In other cases, like [4, 18], the integration of the proposed DREE decreased the hardware requirements related to the storing systems.

Although the system increases the message exchange, the system avoids integrating all information in a centered data base, without using big data infrastructure, taking advantage from edge computing infrastructure and distributed nodes. Additionally, the system can quickly react to any updating or modification in any data set from the nodes involves in the DREE.

## 6. Conclusions

The proposed DREE provides the opportunity to integrate a great quantity of information in the inference engine, without the requirement of a big data infrastructure and the extract, transform, and load to physically integrate all the data sets. DREE makes a metadata-level integration. At this level the integration is quicker and smaller, and it does not need a great quantity of hard disk or memory space. Although the message exchanging increases the volume of the exchanged information, the load of edge computing nodes is optimized in the LDE, before the application of rules.

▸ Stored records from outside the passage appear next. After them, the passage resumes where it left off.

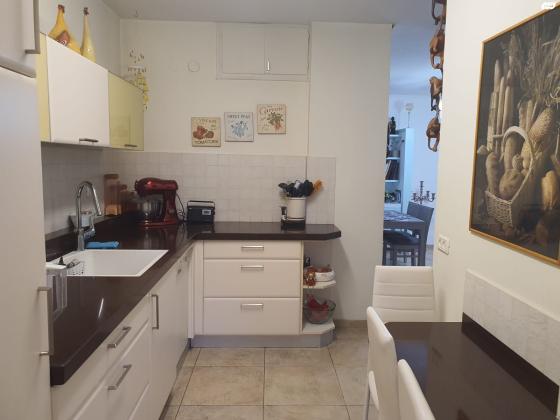 הבנים 12 (שרת)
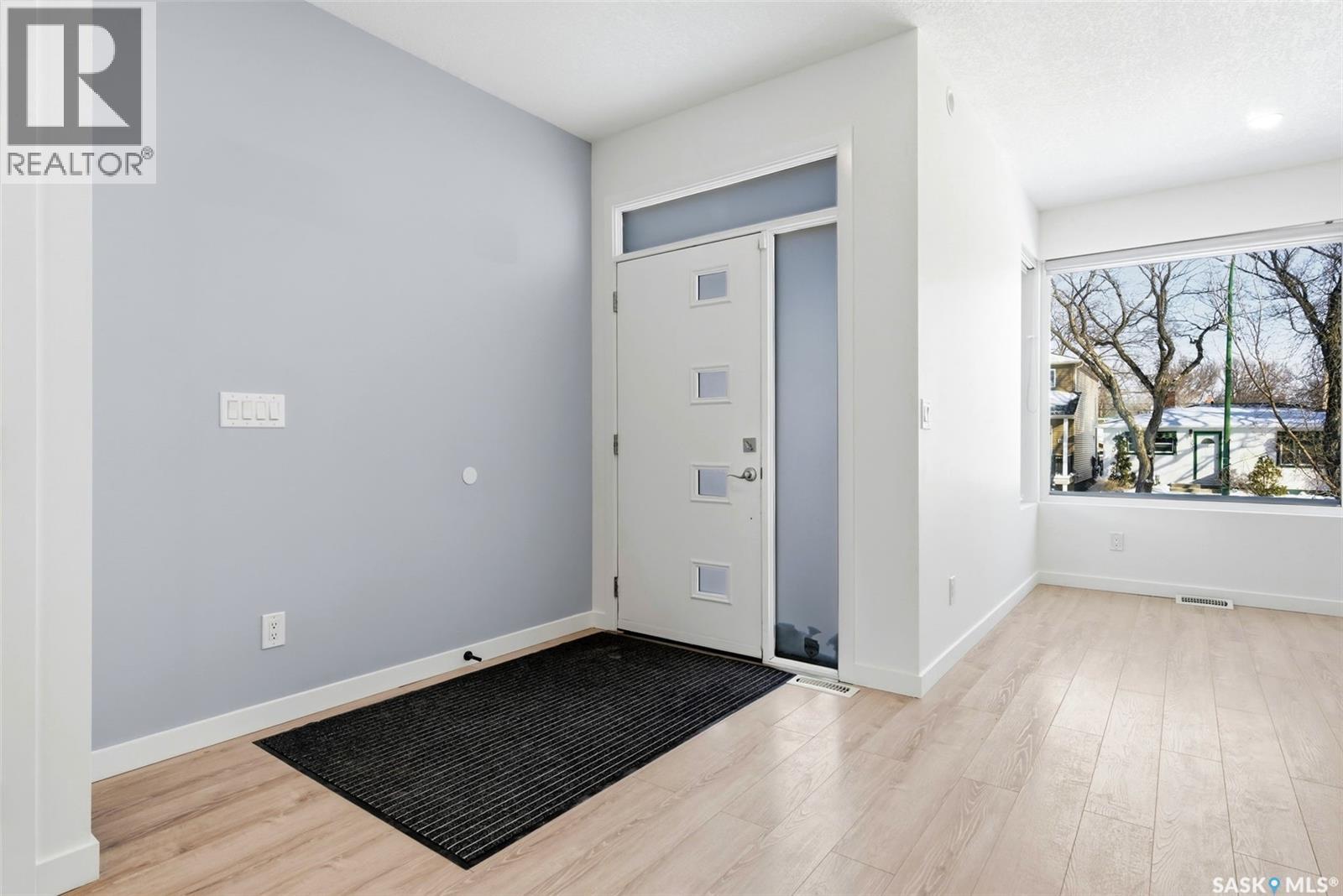 3028 Montague Street, Regina, Saskatchewan  S4S 1Z5 - Photo 3 - SK028941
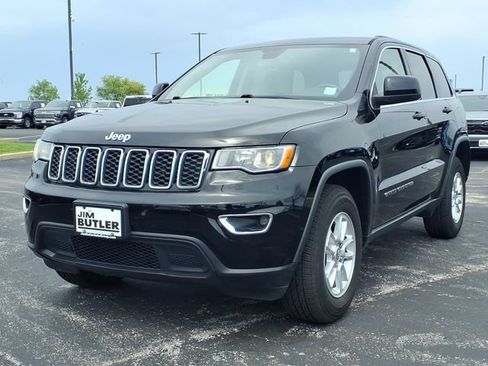 Used 2018 Jeep Grand Cherokee Laredo AWD/4WD image 1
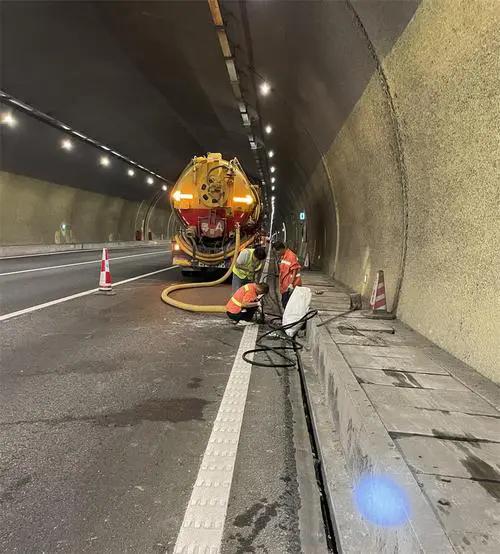 沁源隧道排水渠清淤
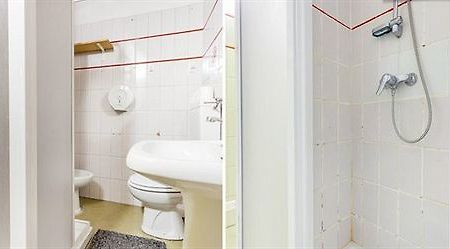 Sleep Easy Hostel Βερόνα Εξωτερικό φωτογραφία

The deployment of DREE is simplified by adding a RESTful web service interface to access and replace the traditional services consumed by the inference engine. Additionally, the deployment on the edge nodes is summarized to install a daemon, named ECD, which simplifies the access to information in the local nodes, notifying any modification or updating in the different data sets, by updating the metadata model in the LDE. Thus, DREE reacts to any change in the data sets located on edge nodes.

Finally, the proposed DREE is independent from the ES, providing the possibility to run simultaneously several ESs. Thus, the processing load balancing is automatically provided by the information dissemination around the nodes.